Ero al primo anno all’università di architettura di Ferrara, dove mi sono laureato. Il preside e i professori della neonata facoltà presero la decisione anticonformistica di far studiare storia dell’architettura contemporanea fin dal primo quadrimestre. La scelta era supportata dal fatto che il quadrimestre successivo avremmo dovuto affrontare il primo esame di progettazione e si invitavano quindi gli studenti a produrre “modernità”. Per me che arrivavo dal Liceo Scientifico di Faenza, l’architettura del xx secolo era davvero bizzarra, per non dire assurda. Capisco quindi bene un certo scetticismo ancora ben radicato in un paese classico come il nostro.
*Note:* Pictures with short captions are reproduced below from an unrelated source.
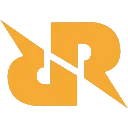 RRQ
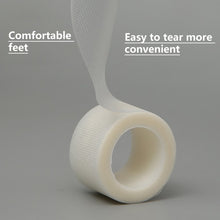 Load image into Gallery viewer, TBD06039679_B2.jpg@42ca5dd1206d308cfafef472f1b18842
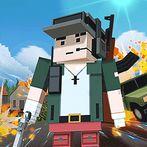 Gun  Elite-shot fire games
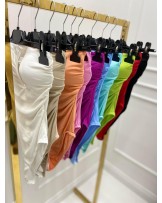 BODY Z CHOKEREM ▪️KOLORY DO WYBORU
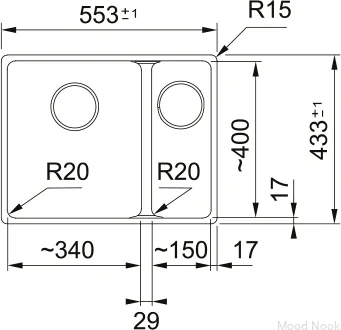 114f76b061da23ca09c631e2c46799ca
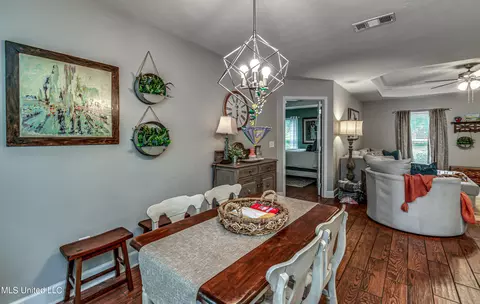 118 Fox Meadow Dr, Brandon, MS 39042 photo 14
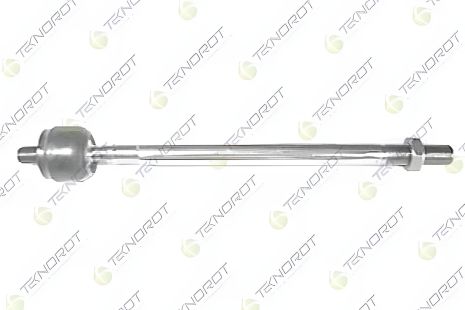 Рульова тяга для RENAULT KANGOO TEKNOROT R716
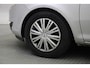 Opel Corsa 1.4 16V Edition - Airco, Cruise, Multifunctioneel Stuur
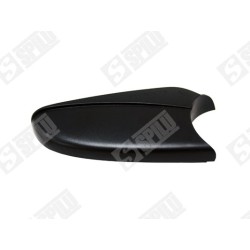 Coque de Rétro Gauche Pour Opel Astra H A Trois Volumes Break Camionnette/Break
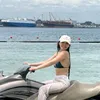 ash_bt7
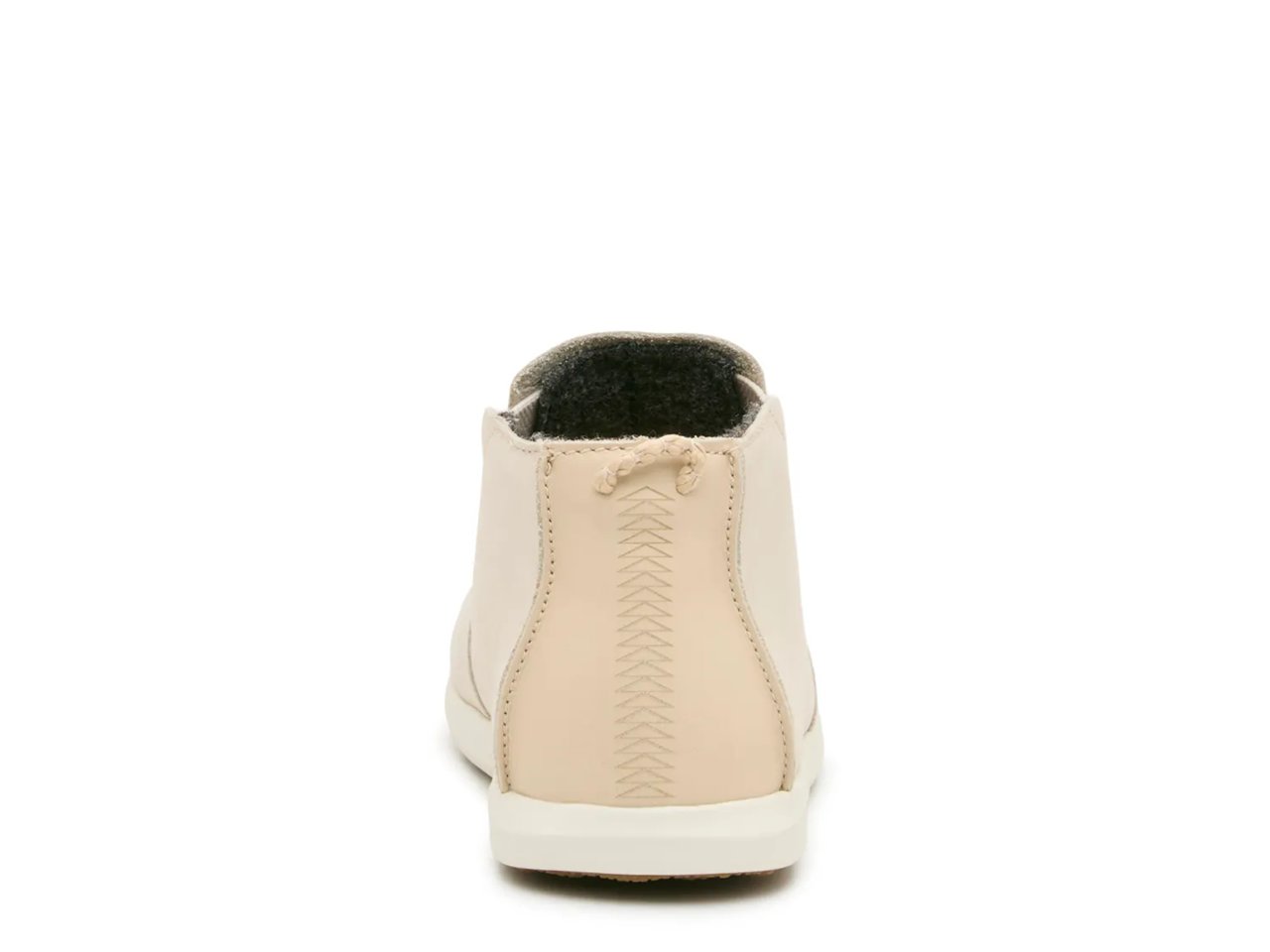 Hawai'iloa Manu Hope Sneaker Boot - Women's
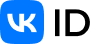 VK ID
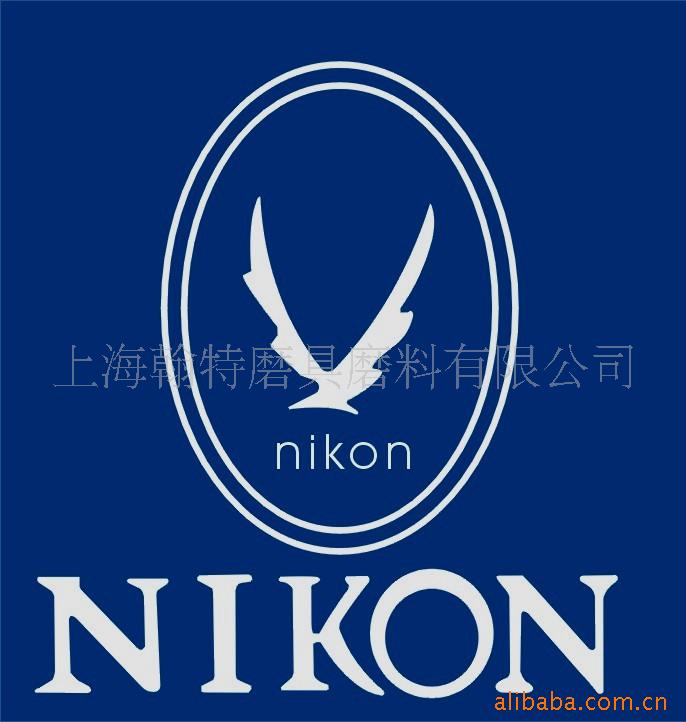 订制供应优质NIKON砂纸waterproof abrasive paper生产厂商直销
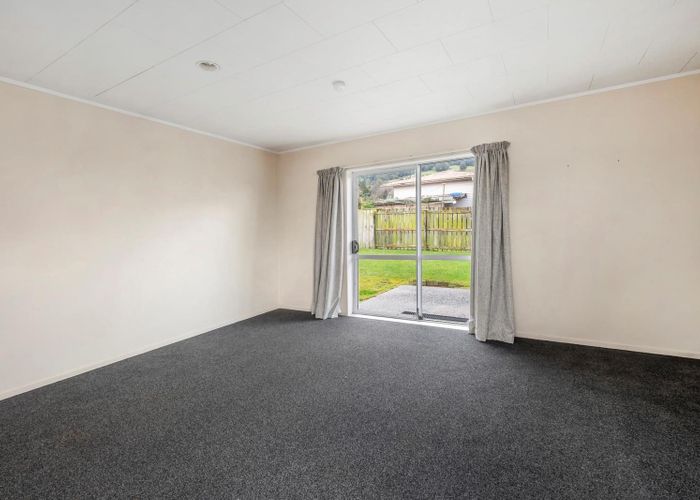  at 26B Turner Drive, Western Heights, Rotorua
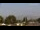 Webcam in West Whittier, California, 7.3 km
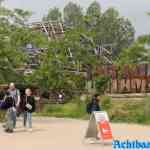 walibi-holland-08-06-2024-038.jpg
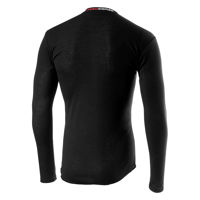 Picture of PODMAJICA CASTELLI PROSECCO R LS BLACK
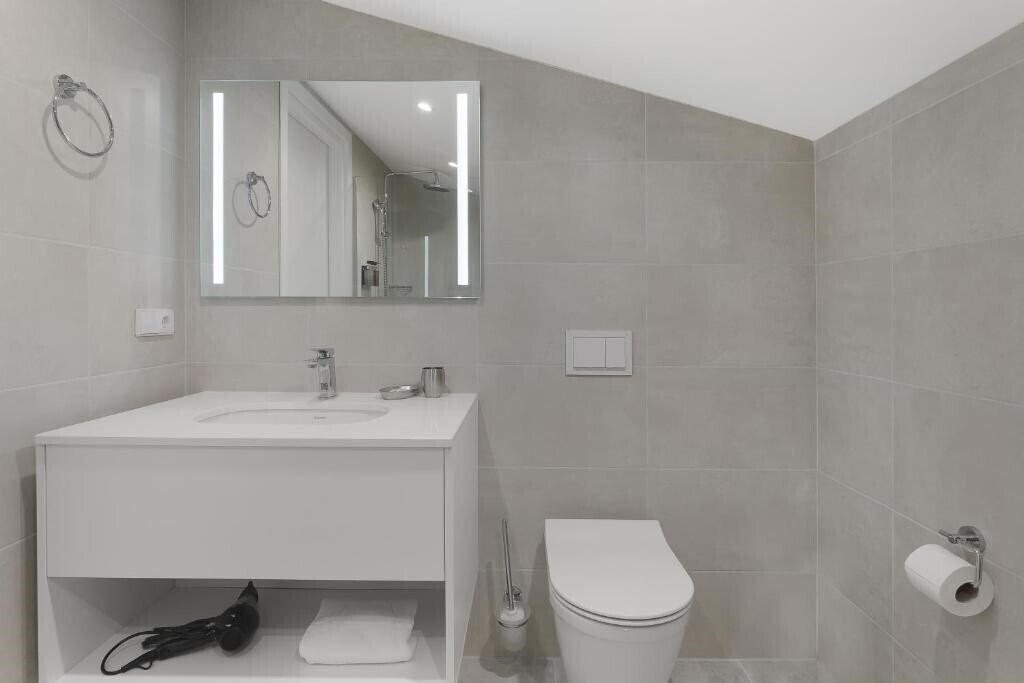 Панорама Boulevard Hotel Boutique 3*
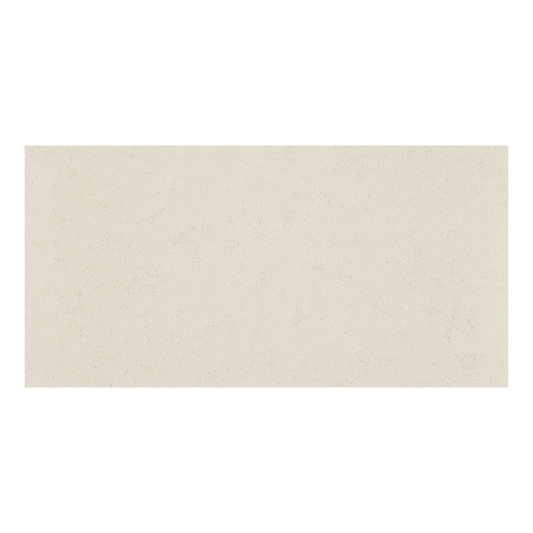 300x600mm Fabbrica Marmi e Graniti (FMG) - TerraPura Bianco
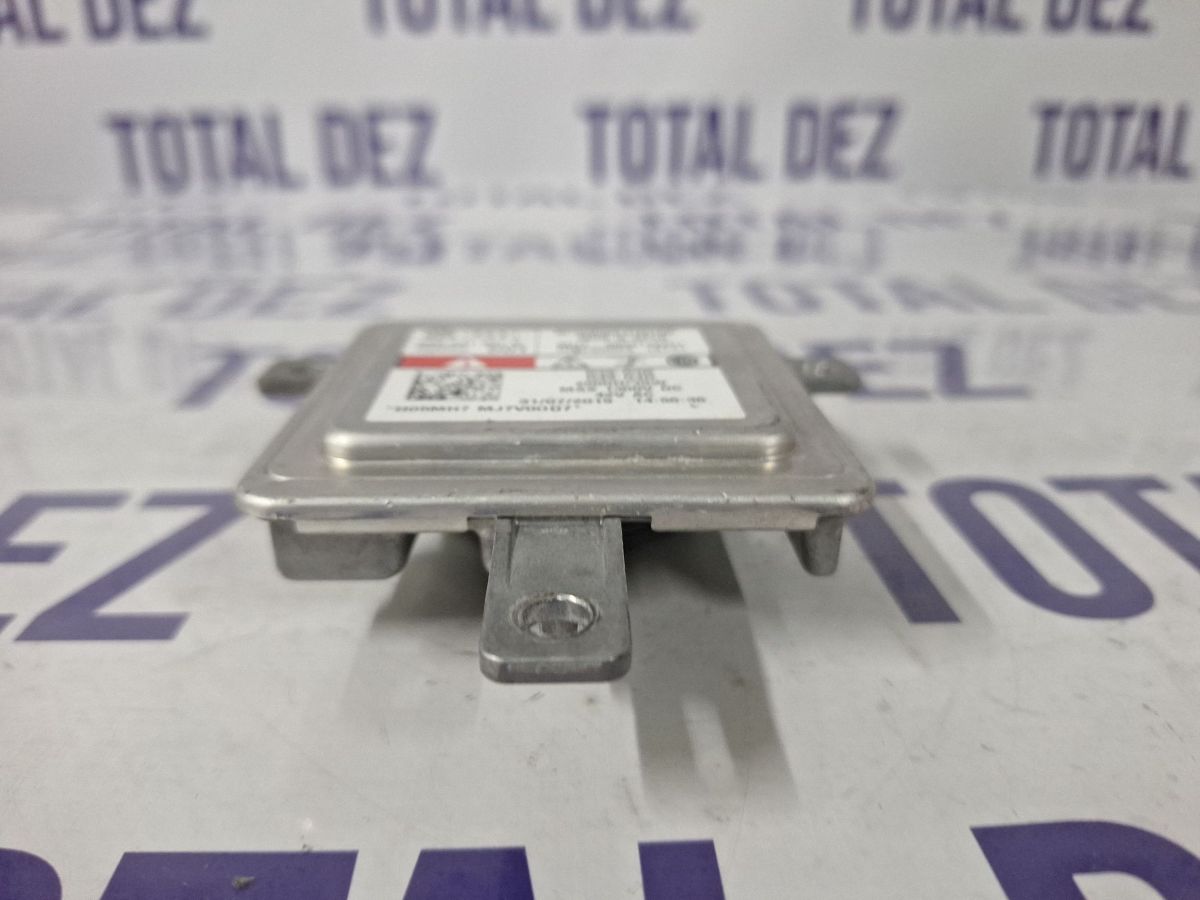Balast Xenon Volkswagen Golf VII 2014 - 8K0941597E W003T22071 09900942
Quando affrontai alcuni maestri indiscussi dell’architettura mondiale del secolo scorso, ne riconobbi come ovvio la genialità ma, al tempo stesso, mi parve che l’equilibrio e la perfezione fossero tali che qualsiasi presenza umana li avrebbe compromessi. Lo penso ancora oggi. Le architetture fotografate nelle riviste e condivise dai social sono quelle appena concluse, non ancora abitate: viene controllata l’inquadratura ed eliminato ogni elemento rivelatore della presenza umana, non solo il corpo fisico ma anche quello che ne definisce la quotidianità.
L’osservazione mi ha spinto a riflettere ancora una volta su una cosa: lo spazio architettonico e a maggior ragione quello urbano e metropolitano nascono per l’essere umano e per essere abitati, e le grandi architetture sono tali solo a questa condizione. Ecco perché in questi giorni chiunque percepisce la strana separazione tra gli spazi urbani, come siamo abituati a viverli, e quello che sono adesso. Il tutto ci attraversa emotivamente, non intellettivamente. La Piazza di San Pietro è la stessa di prima, il Papa pure, ma l’immagine, fortissima, del Santo Padre che da solo parla di fronte alla Piazza vuota, arriva a tutti. E’ la mancanza dell’uomo che sancisce lo straniamento; in questo caso dei fedeli.
Le case e le città non sono fatte per il silenzio. Ma forse prima di ripensare le città che saranno “dopo” bisogna ripensarci come uomini, adesso.